Art. 94 – A reabilitação poderá ser requerida, decorridos 2 (dois) anos do dia em que for extinta, de qualquer modo, a pena ou terminar sua execução, computando-se o período de prova da suspensão e o do livramento condicional, se não sobrevier revogação, desde que o condenado: (Redação dada pela Lei nº 7.209, de 11.7.1984) (1)
I – tenha tido domicílio no País no prazo acima referido; (Redação dada pela Lei nº 7.209, de 11.7.1984) (2)
II – tenha dado, durante esse tempo, demonstração efetiva e constante de bom comportamento público e privado; (Redação dada pela Lei nº 7.209, de 11.7.1984) (3)
III – tenha ressarcido o dano causado pelo crime ou demonstre a absoluta impossibilidade de o fazer, até o dia do pedido, ou exiba documento que comprove a renúncia da vítima ou novação da dívida. (Redação dada pela Lei nº 7.209, de 11.7.1984) (4)
Parágrafo único – Negada a reabilitação, poderá ser requerida, a qualquer tempo, desde que o pedido seja instruído com novos elementos comprobatórios dos requisitos necessários. (Redação dada pela Lei nº 7.209, de 11.7.1984) (4)
(1) O artigo em comento estipula o prazo de dois anos, computando-se o período de prova a partir do cumprimento da pena para o condenado exercer o direito de reabilitação.
(2) O requerente para o beneficio da reabilitação deverá cumprir todos os requisitos ser domiciliado no país no prazo de dois anos juntando documentos comprovatórios.
(3) O segundo requisito é demonstração efetiva de bom comportamento público e privado.
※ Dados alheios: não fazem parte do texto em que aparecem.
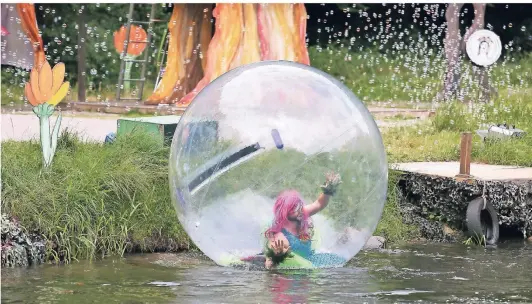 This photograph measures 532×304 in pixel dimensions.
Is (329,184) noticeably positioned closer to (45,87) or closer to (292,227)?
(292,227)

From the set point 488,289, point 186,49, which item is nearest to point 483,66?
point 186,49

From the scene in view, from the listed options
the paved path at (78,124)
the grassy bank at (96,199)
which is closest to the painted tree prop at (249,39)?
the paved path at (78,124)

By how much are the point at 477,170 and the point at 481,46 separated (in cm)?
633

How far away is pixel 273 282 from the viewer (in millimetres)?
9453

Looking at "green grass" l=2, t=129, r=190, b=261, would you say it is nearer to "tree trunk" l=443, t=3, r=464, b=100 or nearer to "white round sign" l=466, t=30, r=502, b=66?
"white round sign" l=466, t=30, r=502, b=66

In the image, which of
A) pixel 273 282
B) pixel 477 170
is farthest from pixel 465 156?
pixel 273 282

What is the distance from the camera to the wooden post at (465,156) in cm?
1205

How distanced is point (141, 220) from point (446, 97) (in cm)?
943

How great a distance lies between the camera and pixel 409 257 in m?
11.0

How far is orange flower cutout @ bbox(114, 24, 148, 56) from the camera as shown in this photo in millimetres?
20859

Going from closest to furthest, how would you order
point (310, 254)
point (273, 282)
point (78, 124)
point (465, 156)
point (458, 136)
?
point (273, 282) < point (310, 254) < point (465, 156) < point (458, 136) < point (78, 124)

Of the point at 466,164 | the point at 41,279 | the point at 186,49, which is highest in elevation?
the point at 186,49

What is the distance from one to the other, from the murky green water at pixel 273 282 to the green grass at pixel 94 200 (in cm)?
25

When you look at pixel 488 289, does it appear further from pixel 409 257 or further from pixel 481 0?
pixel 481 0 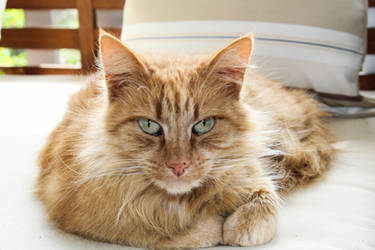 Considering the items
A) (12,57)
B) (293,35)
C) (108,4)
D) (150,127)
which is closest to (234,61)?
(150,127)

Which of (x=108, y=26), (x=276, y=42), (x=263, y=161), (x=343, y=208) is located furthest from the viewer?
(x=108, y=26)

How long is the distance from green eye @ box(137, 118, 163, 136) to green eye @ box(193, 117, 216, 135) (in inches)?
4.0

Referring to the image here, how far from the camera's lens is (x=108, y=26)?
3.46 m

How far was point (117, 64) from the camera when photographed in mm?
1131

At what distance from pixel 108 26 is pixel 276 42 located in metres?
2.00

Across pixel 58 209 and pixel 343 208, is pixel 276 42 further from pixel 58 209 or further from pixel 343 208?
pixel 58 209

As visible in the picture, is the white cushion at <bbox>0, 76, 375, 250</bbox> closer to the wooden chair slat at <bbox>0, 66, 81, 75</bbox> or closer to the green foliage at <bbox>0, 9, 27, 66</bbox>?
the wooden chair slat at <bbox>0, 66, 81, 75</bbox>

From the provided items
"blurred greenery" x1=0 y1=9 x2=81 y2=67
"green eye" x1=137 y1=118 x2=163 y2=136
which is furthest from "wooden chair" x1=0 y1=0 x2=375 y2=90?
"green eye" x1=137 y1=118 x2=163 y2=136

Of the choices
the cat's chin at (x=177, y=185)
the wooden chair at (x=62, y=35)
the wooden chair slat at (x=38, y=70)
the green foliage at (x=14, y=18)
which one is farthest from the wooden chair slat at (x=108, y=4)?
Answer: the cat's chin at (x=177, y=185)

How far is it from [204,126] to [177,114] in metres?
0.09

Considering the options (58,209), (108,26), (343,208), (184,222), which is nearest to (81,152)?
(58,209)

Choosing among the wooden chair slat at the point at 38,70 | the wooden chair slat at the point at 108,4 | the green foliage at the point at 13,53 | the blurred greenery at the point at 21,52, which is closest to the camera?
the wooden chair slat at the point at 108,4

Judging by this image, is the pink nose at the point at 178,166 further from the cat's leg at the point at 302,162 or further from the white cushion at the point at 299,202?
the cat's leg at the point at 302,162

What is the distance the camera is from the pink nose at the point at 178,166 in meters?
1.02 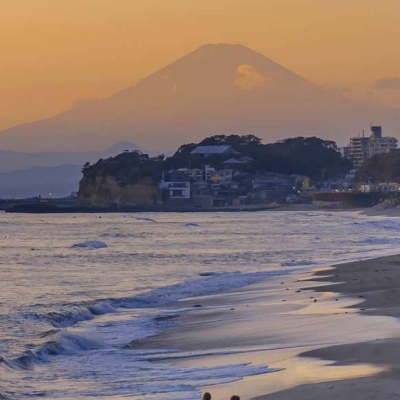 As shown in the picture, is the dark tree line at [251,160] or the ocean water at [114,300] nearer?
the ocean water at [114,300]

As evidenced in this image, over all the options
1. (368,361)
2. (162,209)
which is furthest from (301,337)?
(162,209)

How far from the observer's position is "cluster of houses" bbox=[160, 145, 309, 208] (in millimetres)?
156250

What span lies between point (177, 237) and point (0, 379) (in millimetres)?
44743

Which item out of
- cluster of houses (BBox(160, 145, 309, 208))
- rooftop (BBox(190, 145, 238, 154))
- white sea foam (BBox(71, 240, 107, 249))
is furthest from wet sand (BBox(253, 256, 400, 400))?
rooftop (BBox(190, 145, 238, 154))

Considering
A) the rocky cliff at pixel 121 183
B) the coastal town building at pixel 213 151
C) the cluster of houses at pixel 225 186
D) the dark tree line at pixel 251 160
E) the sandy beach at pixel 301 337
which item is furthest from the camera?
the coastal town building at pixel 213 151

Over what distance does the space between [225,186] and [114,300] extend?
13745cm

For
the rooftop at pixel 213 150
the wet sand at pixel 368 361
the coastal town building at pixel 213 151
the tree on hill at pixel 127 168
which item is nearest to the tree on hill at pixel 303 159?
the coastal town building at pixel 213 151

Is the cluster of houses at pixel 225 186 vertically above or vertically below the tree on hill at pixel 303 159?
below

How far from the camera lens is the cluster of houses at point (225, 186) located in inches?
6152

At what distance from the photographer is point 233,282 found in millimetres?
26781

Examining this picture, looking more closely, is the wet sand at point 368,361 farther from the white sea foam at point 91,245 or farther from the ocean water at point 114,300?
the white sea foam at point 91,245

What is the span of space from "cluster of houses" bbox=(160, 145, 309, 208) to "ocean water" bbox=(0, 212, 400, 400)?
104 metres

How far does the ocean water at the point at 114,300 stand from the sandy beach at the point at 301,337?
0.44 metres

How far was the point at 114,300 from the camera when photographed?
73.7 ft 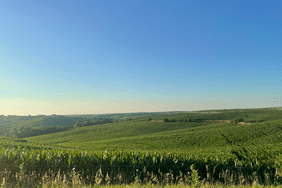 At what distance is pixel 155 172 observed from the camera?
40.7ft

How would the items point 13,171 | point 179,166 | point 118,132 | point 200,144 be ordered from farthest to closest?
1. point 118,132
2. point 200,144
3. point 179,166
4. point 13,171

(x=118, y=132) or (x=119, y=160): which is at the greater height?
(x=119, y=160)

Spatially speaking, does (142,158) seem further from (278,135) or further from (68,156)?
(278,135)

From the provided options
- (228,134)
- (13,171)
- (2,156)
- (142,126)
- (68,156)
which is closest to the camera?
(13,171)

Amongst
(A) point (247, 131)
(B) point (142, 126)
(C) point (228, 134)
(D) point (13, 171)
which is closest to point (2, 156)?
(D) point (13, 171)

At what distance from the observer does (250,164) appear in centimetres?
1427

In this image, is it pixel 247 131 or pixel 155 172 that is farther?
pixel 247 131

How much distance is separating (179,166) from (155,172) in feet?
6.84

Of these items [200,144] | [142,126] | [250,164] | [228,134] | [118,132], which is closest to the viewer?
[250,164]

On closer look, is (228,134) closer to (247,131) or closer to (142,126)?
(247,131)

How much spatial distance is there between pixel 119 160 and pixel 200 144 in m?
56.5

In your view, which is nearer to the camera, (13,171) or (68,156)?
(13,171)

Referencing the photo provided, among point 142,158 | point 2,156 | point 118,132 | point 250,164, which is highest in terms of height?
point 2,156

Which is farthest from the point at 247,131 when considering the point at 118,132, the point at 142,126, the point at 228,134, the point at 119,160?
the point at 119,160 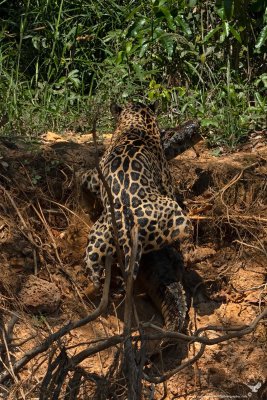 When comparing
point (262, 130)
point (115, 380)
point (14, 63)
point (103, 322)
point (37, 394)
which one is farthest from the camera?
point (14, 63)

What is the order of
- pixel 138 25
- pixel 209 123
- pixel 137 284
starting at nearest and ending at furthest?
pixel 137 284 → pixel 209 123 → pixel 138 25

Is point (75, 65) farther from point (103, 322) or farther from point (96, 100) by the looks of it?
point (103, 322)

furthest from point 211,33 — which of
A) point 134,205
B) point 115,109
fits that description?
point 134,205

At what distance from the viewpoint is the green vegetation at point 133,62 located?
7695 mm

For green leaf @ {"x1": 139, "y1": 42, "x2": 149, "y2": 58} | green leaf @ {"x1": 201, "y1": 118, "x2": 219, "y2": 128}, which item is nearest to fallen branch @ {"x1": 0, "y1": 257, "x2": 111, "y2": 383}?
green leaf @ {"x1": 201, "y1": 118, "x2": 219, "y2": 128}

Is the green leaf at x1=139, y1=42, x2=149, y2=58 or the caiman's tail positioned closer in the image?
the caiman's tail

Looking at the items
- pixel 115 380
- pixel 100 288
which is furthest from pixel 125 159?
pixel 115 380

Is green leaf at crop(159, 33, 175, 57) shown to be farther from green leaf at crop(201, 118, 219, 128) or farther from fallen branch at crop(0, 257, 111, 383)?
fallen branch at crop(0, 257, 111, 383)

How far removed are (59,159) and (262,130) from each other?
2.01 m

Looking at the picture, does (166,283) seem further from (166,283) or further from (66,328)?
(66,328)

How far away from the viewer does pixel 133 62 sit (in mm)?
8117

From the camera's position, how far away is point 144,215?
5957 mm

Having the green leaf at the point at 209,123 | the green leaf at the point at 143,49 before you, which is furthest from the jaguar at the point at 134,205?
the green leaf at the point at 143,49

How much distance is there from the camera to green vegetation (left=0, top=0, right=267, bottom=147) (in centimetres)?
770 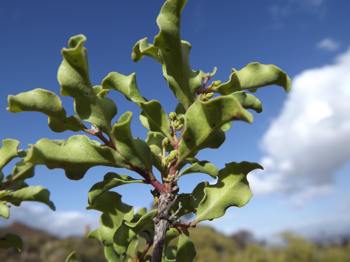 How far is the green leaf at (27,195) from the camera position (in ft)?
4.45

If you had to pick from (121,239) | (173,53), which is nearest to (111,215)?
(121,239)

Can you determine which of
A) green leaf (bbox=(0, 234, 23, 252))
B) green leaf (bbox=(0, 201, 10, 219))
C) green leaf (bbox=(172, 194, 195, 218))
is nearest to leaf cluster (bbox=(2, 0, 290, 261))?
green leaf (bbox=(172, 194, 195, 218))

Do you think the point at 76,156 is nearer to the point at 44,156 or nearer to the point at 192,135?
the point at 44,156

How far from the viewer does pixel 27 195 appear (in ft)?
4.47

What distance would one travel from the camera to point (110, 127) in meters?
1.16

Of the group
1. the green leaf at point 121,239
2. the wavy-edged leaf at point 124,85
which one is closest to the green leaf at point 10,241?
the green leaf at point 121,239

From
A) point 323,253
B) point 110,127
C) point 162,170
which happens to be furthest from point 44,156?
point 323,253

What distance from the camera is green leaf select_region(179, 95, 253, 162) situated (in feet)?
3.33

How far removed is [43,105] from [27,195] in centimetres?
41

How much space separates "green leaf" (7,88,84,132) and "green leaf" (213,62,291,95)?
1.59ft

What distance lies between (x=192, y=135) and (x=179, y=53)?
249mm

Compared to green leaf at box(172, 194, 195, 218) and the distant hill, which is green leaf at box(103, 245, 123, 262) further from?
the distant hill

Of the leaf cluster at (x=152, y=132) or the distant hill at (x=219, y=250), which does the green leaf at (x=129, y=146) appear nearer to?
the leaf cluster at (x=152, y=132)

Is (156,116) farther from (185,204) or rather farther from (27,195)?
(27,195)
As pessoas do relacionamento do requerente podem testar, sendo importante que seu empregador forneça atestado.
(4) O ressarcimento ou justificação porque não o faz juntando prova de quitação pela vitima ou prova de sua capacidade de ressarcir e elemento que a jurisprudência não dispensa conforme julgados reiterativos:
Julgado do STJ
EMENTA: PROCESSO PENAL – REABILITAÇÃO CONCEDIDA EM PRIMEIRO GRAU DE JURISDIÇÃO – REEXAME NECESSÁRIO – REQUISITOS NÃO PREENCHIDOS. Não estando preenchidos todos os requisitos legais para a reabilitação, vez que a condenada não comprovou o
A jurisprudência do STF é no sentido para concessão da habilitação o condenado deve ressarcir o dano ou justiçar porque não o faz:
A jurisprudência do STF
PENAL. HABEAS CORPUS. ART. 94, CP. REABILITAÇÃO. REQUISITOS. RESSARCIMENTO DO DANO. INOCORRÊNCIA. AUSÊNCIA DE PREJUÍZO. NÃO COMPROVAÇÃO. I – Para fins de cumprimento do requisito objetivo previsto no art. 94, inciso III, do CP, deve o condenado, necessariamente, ressarcir o dano causado pelo crime ou demonstrar a absoluta impossibilidade de fazê-lo ou exibir documento que comprove a renúncia da vítima ou a novação da dívida (Precedentes do STF). II – No caso, alega-se a desnecessidade de ressarcimento do dano, uma vez que a vítima não teria sofrido qualquer prejuízo. Todavia, não há, nos autos, nenhum elemento idôneo que evidencie tal assertiva. Ordem denegada (STJ – HC: 45690 SP 2005/0113873-1, Relator: Ministro FELIX FISCHER, Data de Julgamento: 24/11/2008, T5 – QUINTA TURMA, Data de Publicação: –> DJe 02/02/2009).
Negada a reabilitação pelo Judiciário o condenado poderá a qualquer tempo pleitear o pedido novamente, suprindo os elementos que negaram o pedido anteriormente.